Fuera hay amenaza de lluvia. Grandes bolas oscuras de nube cargadas de aguas pasan por encima de las gruas del muelle de Cádiz, amenazantes tras los cristales de un puente que tiene algo de totora y de cabaña de arbol decorada con motivos mayas. «Es el barco más extraño que he visto en mi vida», dice un curioso en el muelle. En resumen, el Zamná es una mezcla heterogénea entre uno de esos trimaranes modernos de carbono, un galeón del XVIII sin tanta popa, una balsa de polinesia y una nave de Tiro. Es ancho, bajo, con tres palos de maniobra simplificada, tres velas de cuchillo y dos cuadradas, una mayor y una gavia.

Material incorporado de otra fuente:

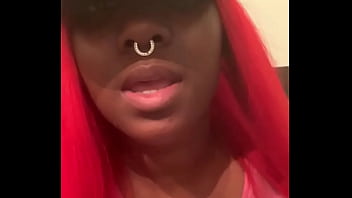 Preview 2 of Virgn Sxs - Verification video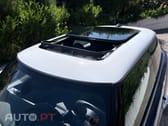 MINI Cooper Cooper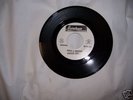 KILLER  FUZZ GARAGE PSYCH 45 ; BOHEMIAN VENDETTA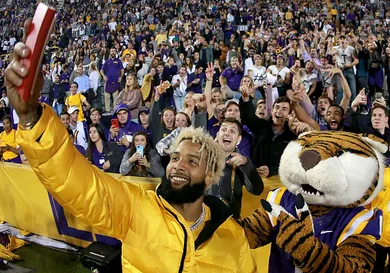 Sean Gardner/Getty Images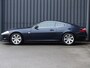 Jaguar XK 4.2 V8 Coupé Youngtimer | Memory | Stuur-&Stoelverwarming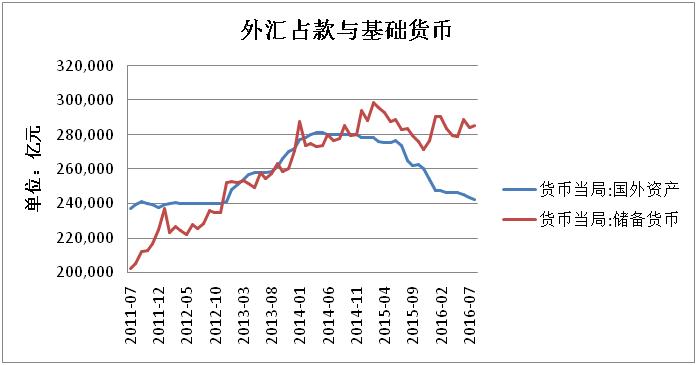 image005.jpg image005.jpg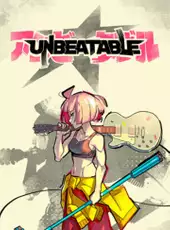 Unbeatable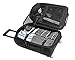 OGIO Layover Travel Bag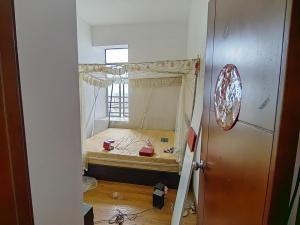 广东省佛山市顺德区均安镇仓门社区居民委员会百安南路50号圣堡莱公馆417_佛山法拍房图片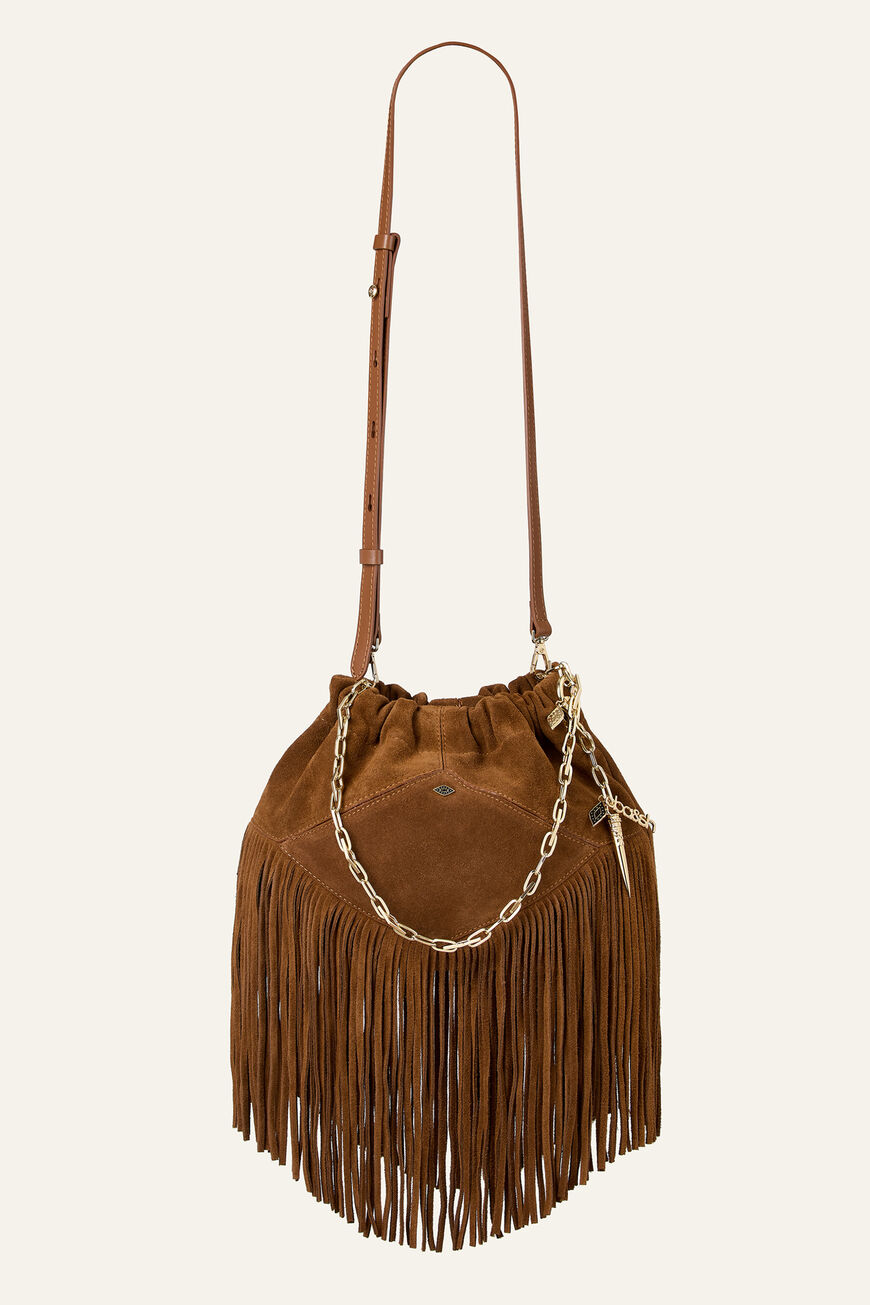 tote bag JUNE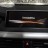 Штатная магнитола BMW X6 F16 2014+, X5 F15 2014+ NBT, поддержка кругового обзора Parafar PF8235i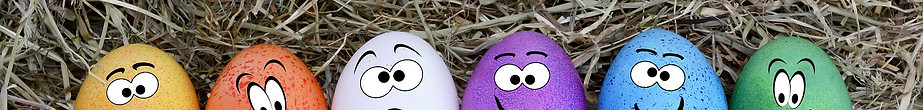 easter-eggs-3131188_1920.jpg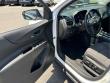 2023 Chevrolet Equinox LT w/1LT SUV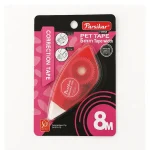 خرید غلط گیر نواری پارسیکار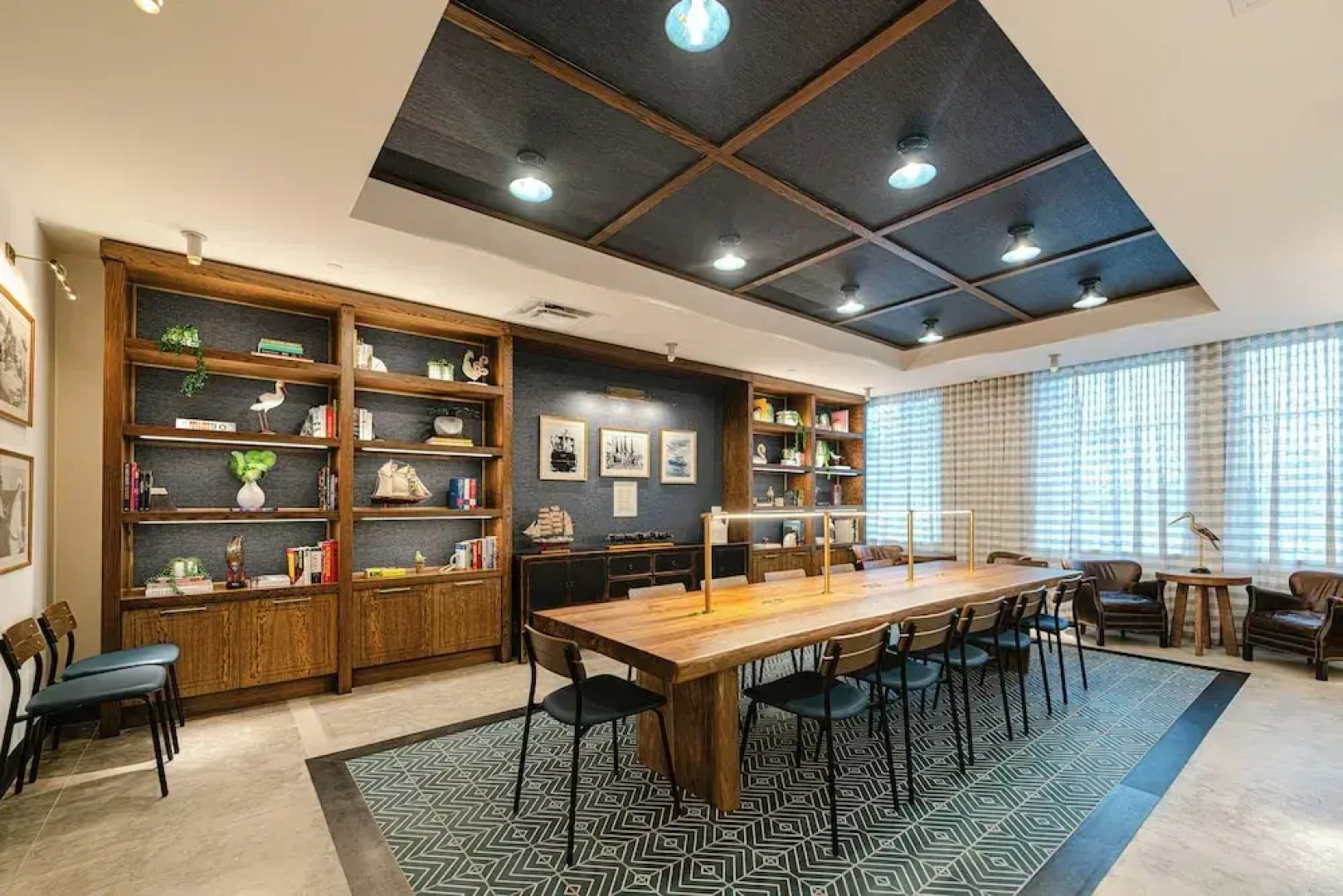 The Perry Hotel Naples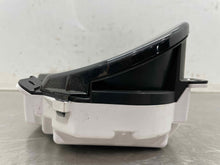 Load image into Gallery viewer, SPEEDOMETER CLUSTER Lexus RX400H 2006 06 - NW497570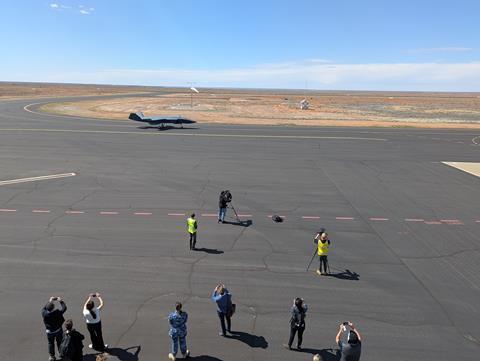 PXL_20250905_020505010_Original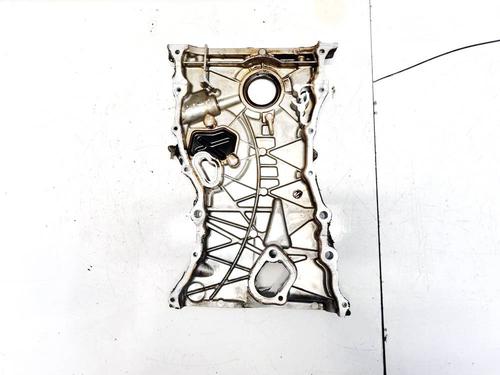 Other HONDA FR-V (BE) 2.0 (BE3) | BP35292067O1 - Image 3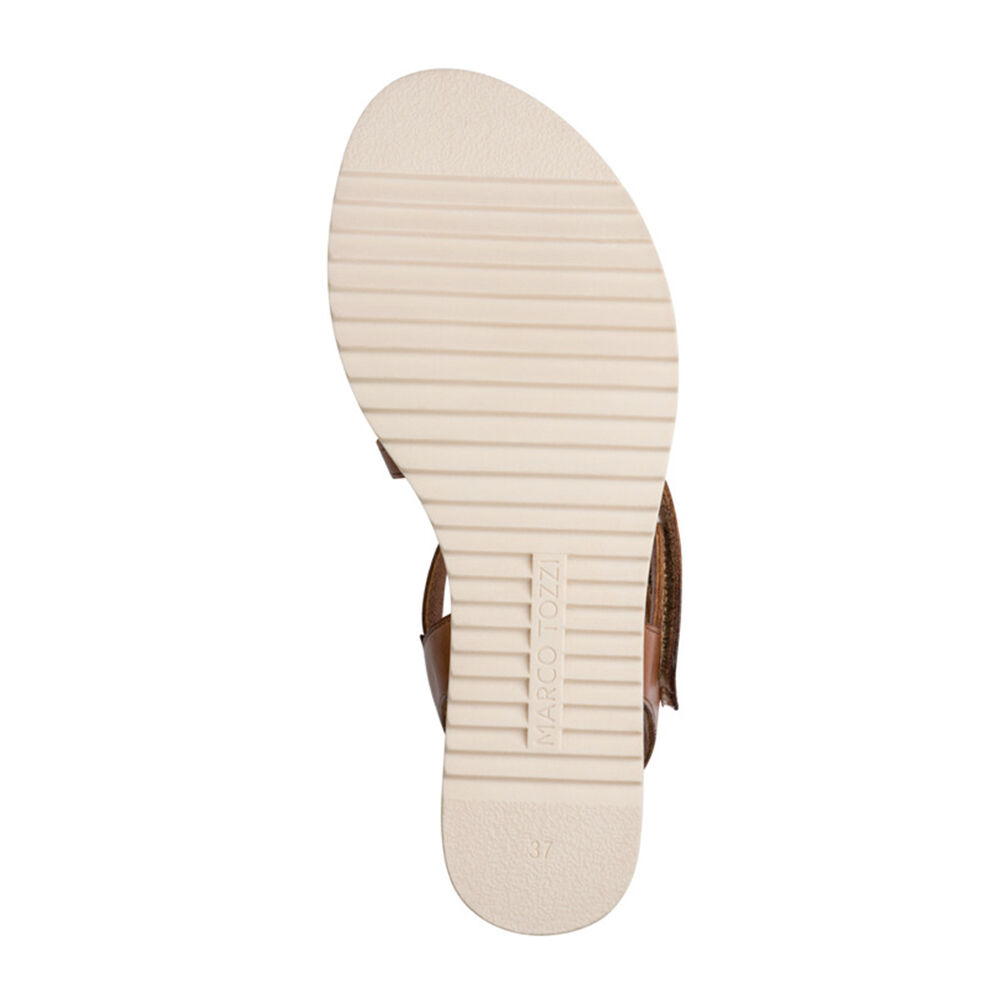 Marco Tozzi 28705-305 COGNAC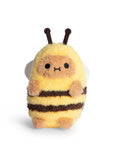 Bee Ricespud Plushie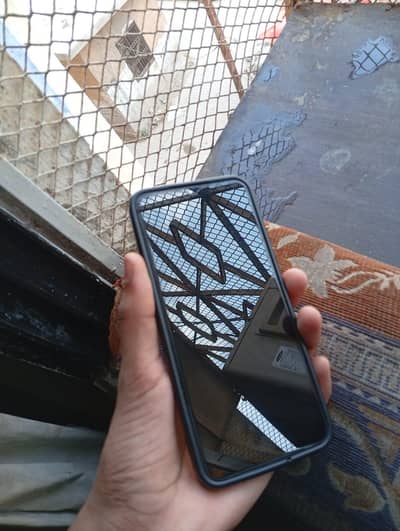 Tecno Spark 6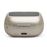 JBL LIVE BEAM 4 TW CHAMPAGNE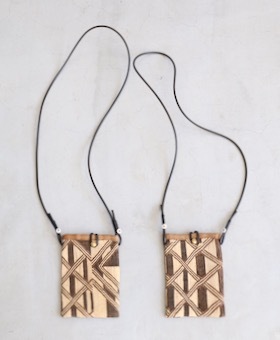 limited】COUNTERPOINT (カウンターポイント)by WONDER FULL LIFE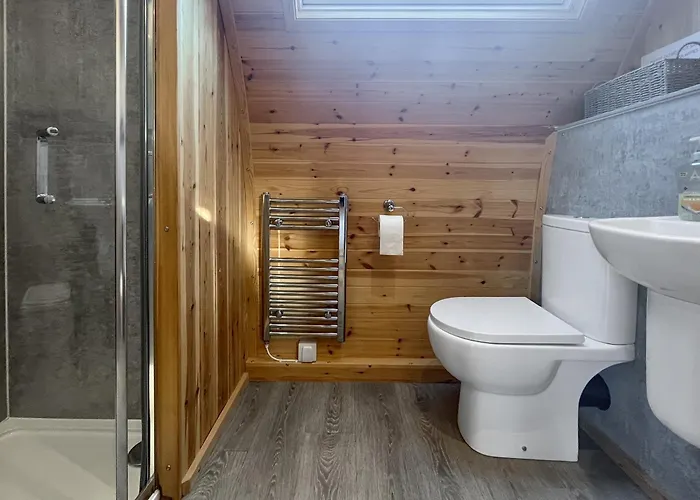 Orchard - Uk48490 * Dalton in Furness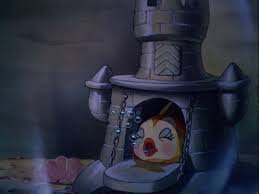 Pinocchio is the titular protagonist of disney's 1940 animated feature film of the same name. Most Favorited Gifs Gif Abyss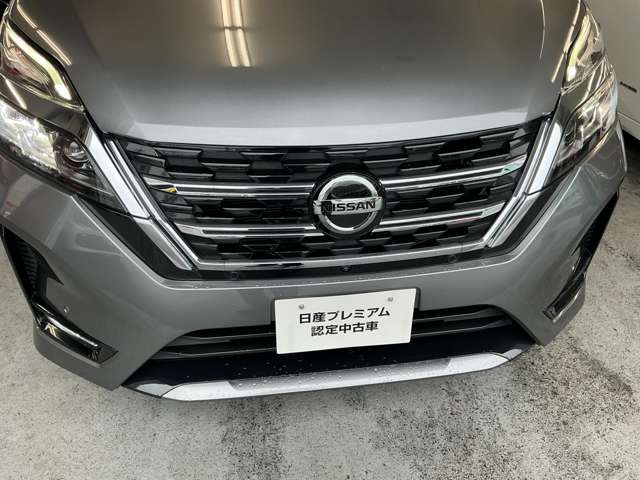 複数画像26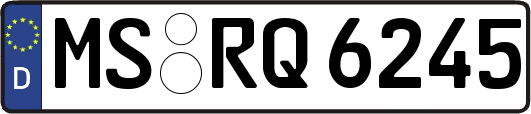 MS-RQ6245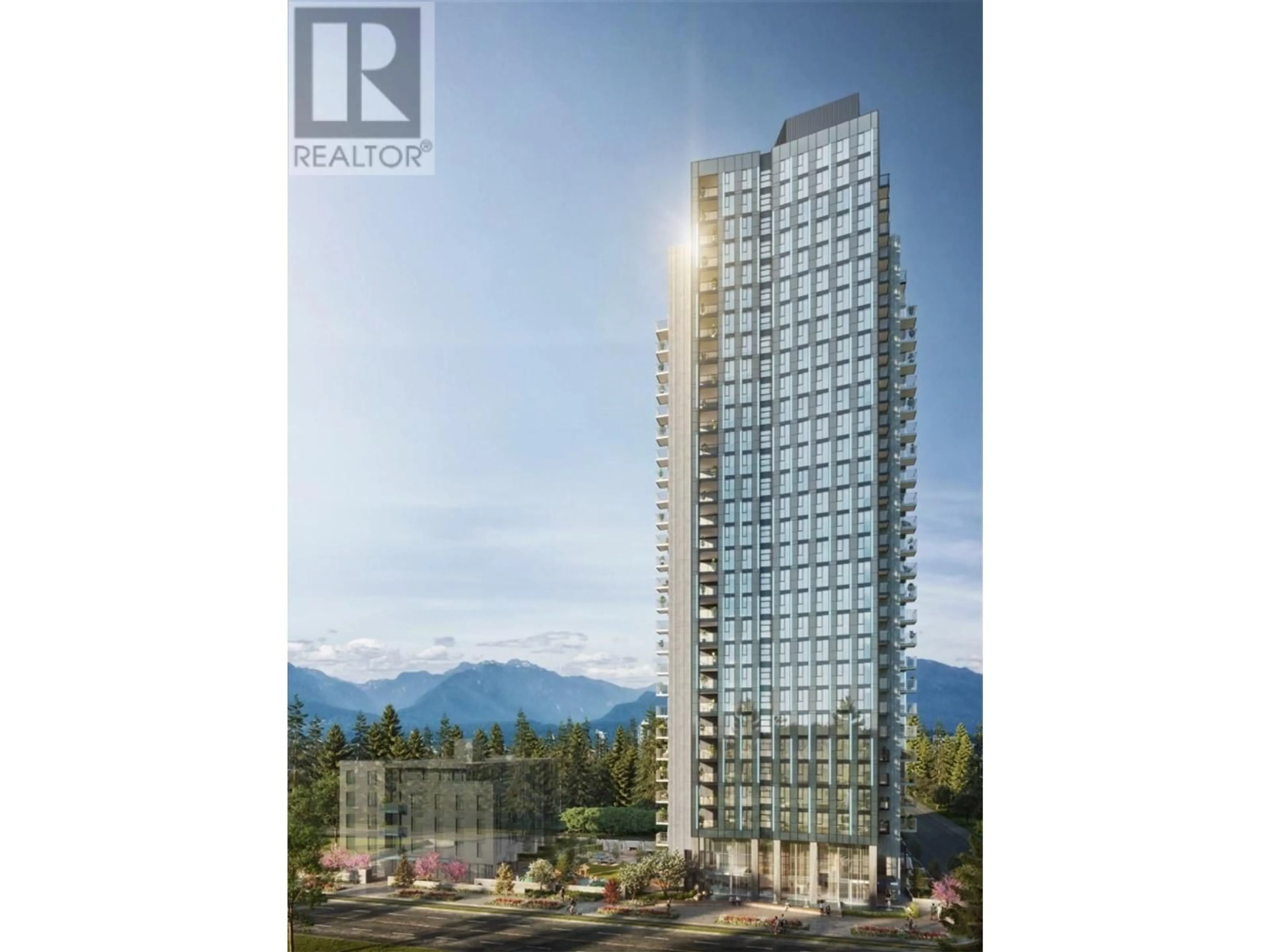 A pic from exterior of the house or condo, mountain for 5681 5685 HALLEY AVENUE, Burnaby British Columbia V5H2P8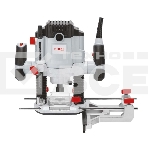 Машина фрезерная Ставр МФ-12/1800, фото9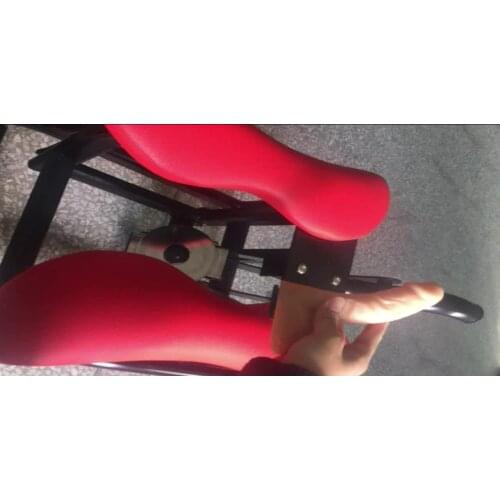 2019 newest Hand Power Adjustable Sex Machine Gun Female sex machine adult sex toy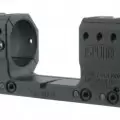 Тактический кронштейн SPUHR SP-4801 D34мм H30мм 13Mil/44.4MOA.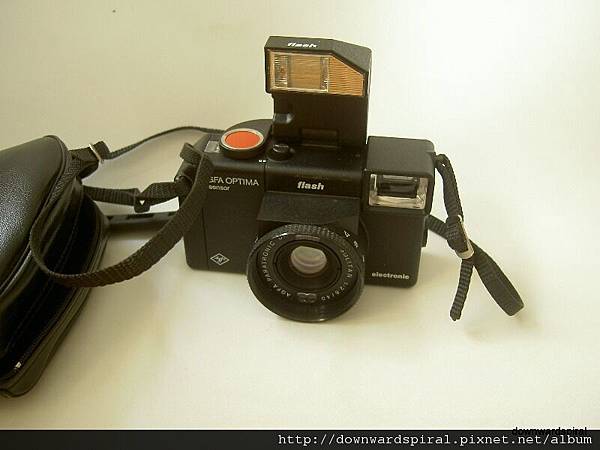 Agfa Flash_03.jpg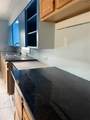 7101 Devonshire Circle - Photo 7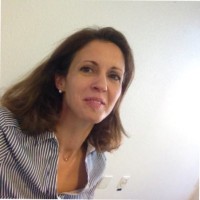 Frédérique Sloan Béna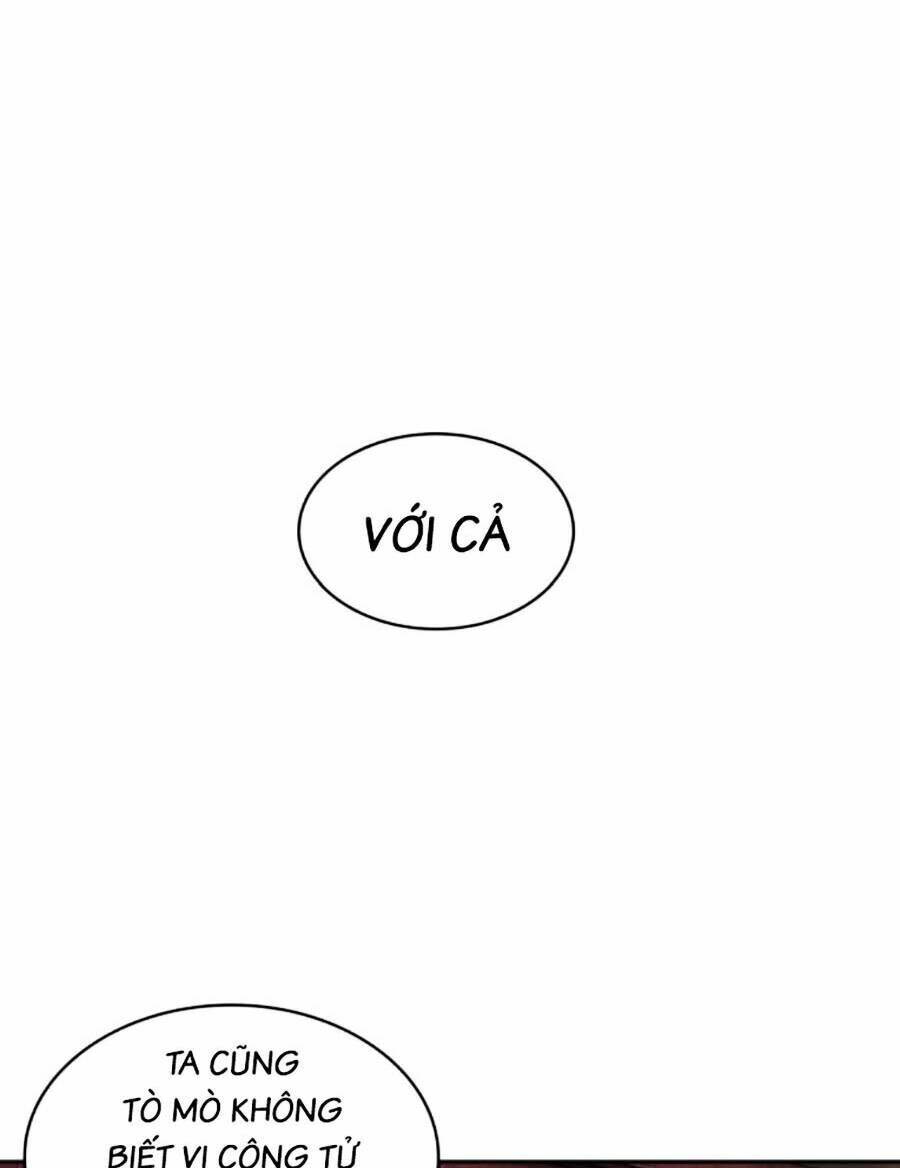 Ngã lão ma thần - Chapter 157 - Page 104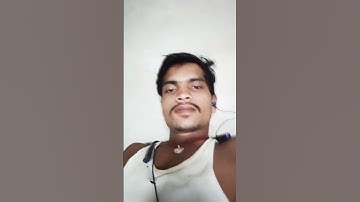 Darling लड्डू चाहिए | X #Vijay Sethupathi #Varalaxmisarathkumar #Michael #Sundeep Kishan #New #Short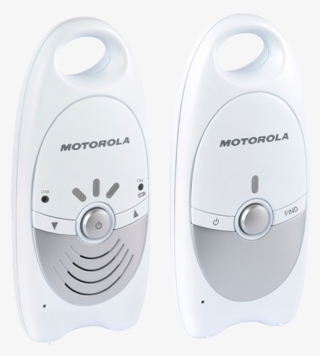 Mbp10s - Machine #8265483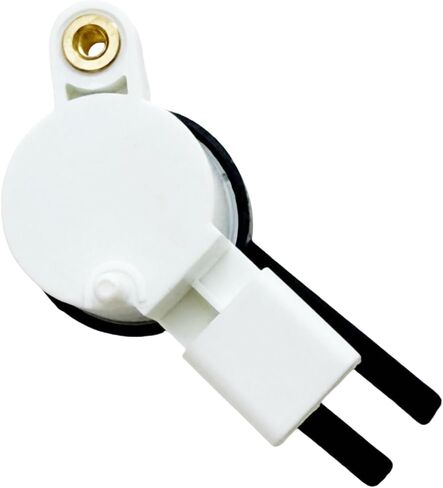 13589103 13597429 89047699 Brake Pedal Position Sensor Switch for Chevy for Sonic for Spark 2012 2019 for Corvette 2005 2019 in Saudi Arabia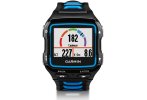 Garmin Forerunner 920XT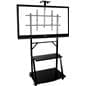 Boardroom TV Stand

En la cubierta recibe la sonrisa de Santiago Villaverde, santanderino de 28 años, psicólogo infantil y marinero de este barco que lleva el nombre de Zamná, «uno de los padres de los mayas». El tripulante explica que la nave es una mezcla heterogénea de «muchas culturas marineras». Tiene la coraza de los fenicios en la proa, las barandas de los griegos, tres cabañas de la tradición balsera americana y los pontones que lo hacen una descomunal canoa de Polinesia. Remata el conjunto un mascarón de proa que es una paloma «agujereada, como la paz hoy». Una nave loca para una misión loca, diez toneladas de madera rumbo a la utopía.